The gender gap in account ownership has narrowed from 18 percentage points in 2011 to near parity by 2021 (Global Findex Database, World Bank, various rounds). The share of formal debt in total household debt also increased from 57 per cent in 2002 to 66 per cent in 2019 (Pradhan, 2013; All India Debt and Investment Surveys, various rounds). However, having a bank account does not guarantee equitable access to credit. While the first step toward inclusion has been achieved, the quality and depth of access remain uneven, particularly when gender and caste interact to shape outcomes.
Despite progress in expanding financial access, rural credit markets in India remain stratified along social lines. Women are less likely to receive formal loans, tend to borrow smaller amounts, and often face stricter repayment terms compared to men. Among women, those belonging to Scheduled Caste (SC) households experience the most severe exclusion. Existing research has studied gender-based and caste-based differences separately, but very few studies examine how these two axes of inequality reinforce each other in determining access to credit. Understanding this intersection is crucial for policy design: an inclusive financial system must not only count how many are included but also who remains excluded, under what conditions, and at what cost.
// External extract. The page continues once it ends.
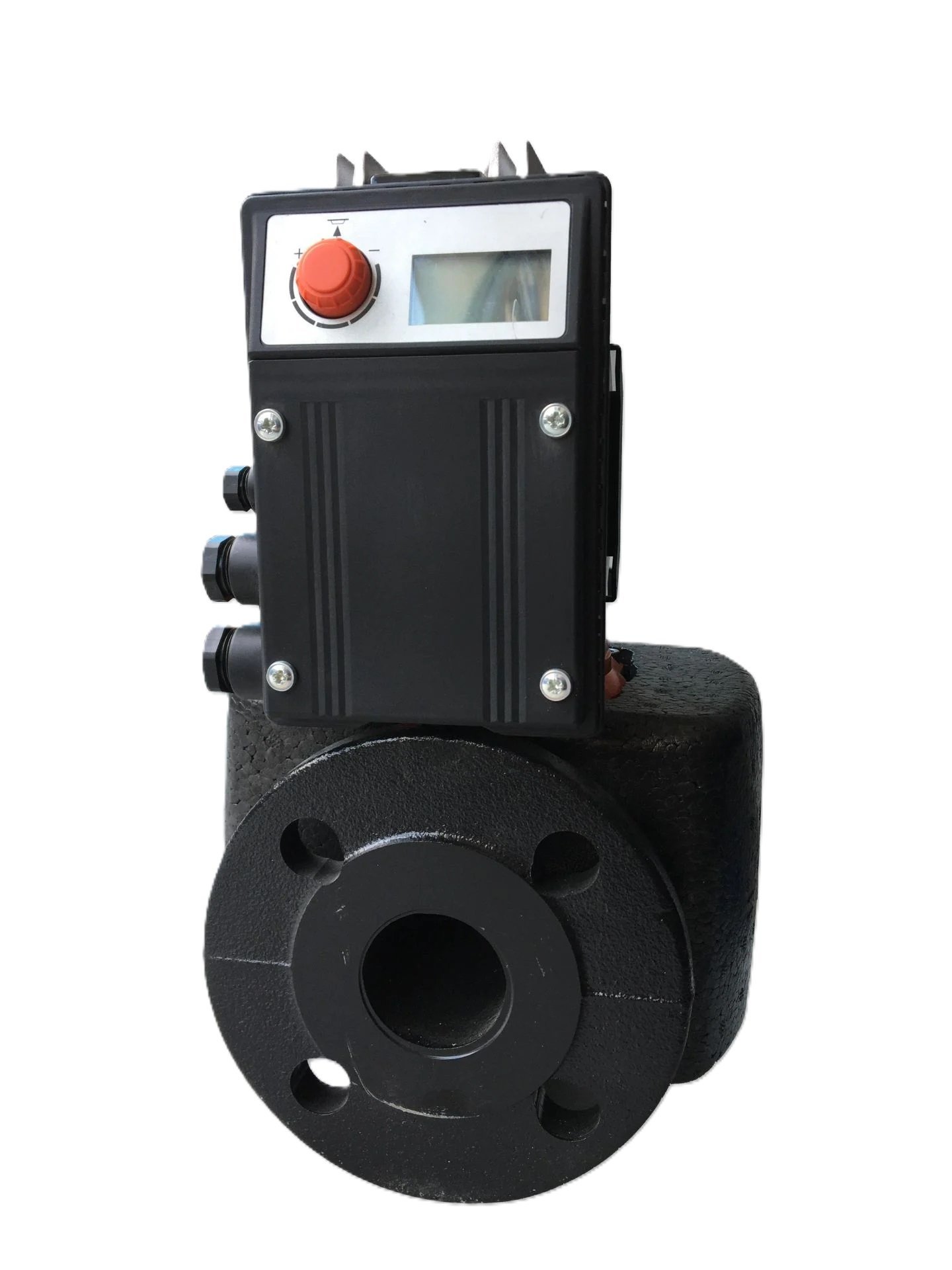 KSB Riotec 40-40 Sirkülasyon Pompası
This study employs a mixed-method approach combining secondary and primary data to capture both macro-level patterns and micro-level realities. Secondary data were drawn from two key national databases: The World Bank Global Findex (2011, 2014, 2017, 2021), which provides gender-disaggregated information on account ownership and credit usage; and The All-India Debt and Investment Surveys (AIDIS) (2019), which offer caste-wise data on sources and magnitude of household credit. Primary data were collected through a field survey conducted in two villages in Uttar Pradesh (UP), covering 220 households. The survey gathered detailed information on loan size, source, interest rate, repayment conditions, and purpose of borrowing, along with gender and caste identifiers.
While Findex and AIDIS independently capture gender and caste dimensions, respectively, the primary survey bridges this critical gap by analysing both simultaneously - allowing a direct assessment of how gender and caste intersect to shape credit access.
The findings reveal a dual narrative of progress and exclusion.
Expansion in access but inequality in utilization: While more women now own deposit accounts and interact with formal financial institutions, they continue to lag behind men in borrowing from formal sources. Women’s share of loans, relative to their population share, remains disproportionately low. The average loan size received by women is smaller, and they are more likely to rely on short-term, high-interest credit compared to men.
Caste compounds gender disadvantage: Among women, those belonging to Scheduled Caste (SC) households face a deeper form of exclusion. They not only access fewer formal loans but also bear higher borrowing costs. SC women are more dependent on microcredit and group-based loans that often carry strict repayment conditions, leaving little room for investment in productive activities. These loans tend to be used for consumption smoothing rather than income generation, trapping them in cycles of low income and recurring debt.
Policy inclusion ≠ equitable empowerment: India’s financial inclusion drive has successfully increased the number of account holders but has not ensured meaningful inclusion, characterized by equitable access to quality credit and improved financial wellbeing. The structural factors of caste hierarchy, gender norms, and unequal asset ownership continue to limit women’s financial autonomy.
Financial inclusion policy must go beyond counting accounts or loans to assess the quality, cost, and purpose of credit, especially for women from marginalized castes. Targeted interventions, such as caste-sensitive lending, tailored credit for women’s enterprises, and flexible repayment can deepen true inclusion. Empowerment requires policies that would reduce poverty increasing household incomes so that they can confront structural inequities, ensuring credit access translates into meaningful and equitable financial participation.